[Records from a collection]
++++++

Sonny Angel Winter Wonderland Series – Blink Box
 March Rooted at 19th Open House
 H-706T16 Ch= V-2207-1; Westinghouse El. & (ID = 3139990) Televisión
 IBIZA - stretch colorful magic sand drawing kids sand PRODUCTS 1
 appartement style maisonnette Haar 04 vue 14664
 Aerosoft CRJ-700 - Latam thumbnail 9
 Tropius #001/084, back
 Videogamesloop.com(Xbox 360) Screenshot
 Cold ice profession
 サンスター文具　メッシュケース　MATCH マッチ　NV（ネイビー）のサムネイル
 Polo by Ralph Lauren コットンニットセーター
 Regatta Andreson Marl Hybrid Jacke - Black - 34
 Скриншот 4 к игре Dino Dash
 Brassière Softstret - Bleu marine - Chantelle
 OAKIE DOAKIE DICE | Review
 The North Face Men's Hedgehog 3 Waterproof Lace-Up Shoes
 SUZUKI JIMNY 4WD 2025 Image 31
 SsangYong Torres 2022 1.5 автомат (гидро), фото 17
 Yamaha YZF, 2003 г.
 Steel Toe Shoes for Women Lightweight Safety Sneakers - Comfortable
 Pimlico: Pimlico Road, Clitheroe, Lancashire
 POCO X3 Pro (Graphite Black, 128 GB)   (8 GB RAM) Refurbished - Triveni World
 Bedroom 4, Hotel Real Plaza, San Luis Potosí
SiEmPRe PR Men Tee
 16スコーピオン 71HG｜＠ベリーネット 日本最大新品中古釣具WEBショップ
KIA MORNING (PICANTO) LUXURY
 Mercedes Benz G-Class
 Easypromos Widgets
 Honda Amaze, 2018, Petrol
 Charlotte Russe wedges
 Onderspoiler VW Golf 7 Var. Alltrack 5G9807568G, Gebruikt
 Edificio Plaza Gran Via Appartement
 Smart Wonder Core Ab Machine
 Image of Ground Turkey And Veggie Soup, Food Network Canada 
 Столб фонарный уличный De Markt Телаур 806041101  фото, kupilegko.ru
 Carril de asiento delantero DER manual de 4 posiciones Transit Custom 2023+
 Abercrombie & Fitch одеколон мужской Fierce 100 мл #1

++++++

[What the exercise asks]
Among the lines above, return each one holding the string "Shoes".

[Finished task]
 The North Face Men's Hedgehog 3 Waterproof Lace-Up Shoes
 Steel Toe Shoes for Women Lightweight Safety Sneakers - Comfortable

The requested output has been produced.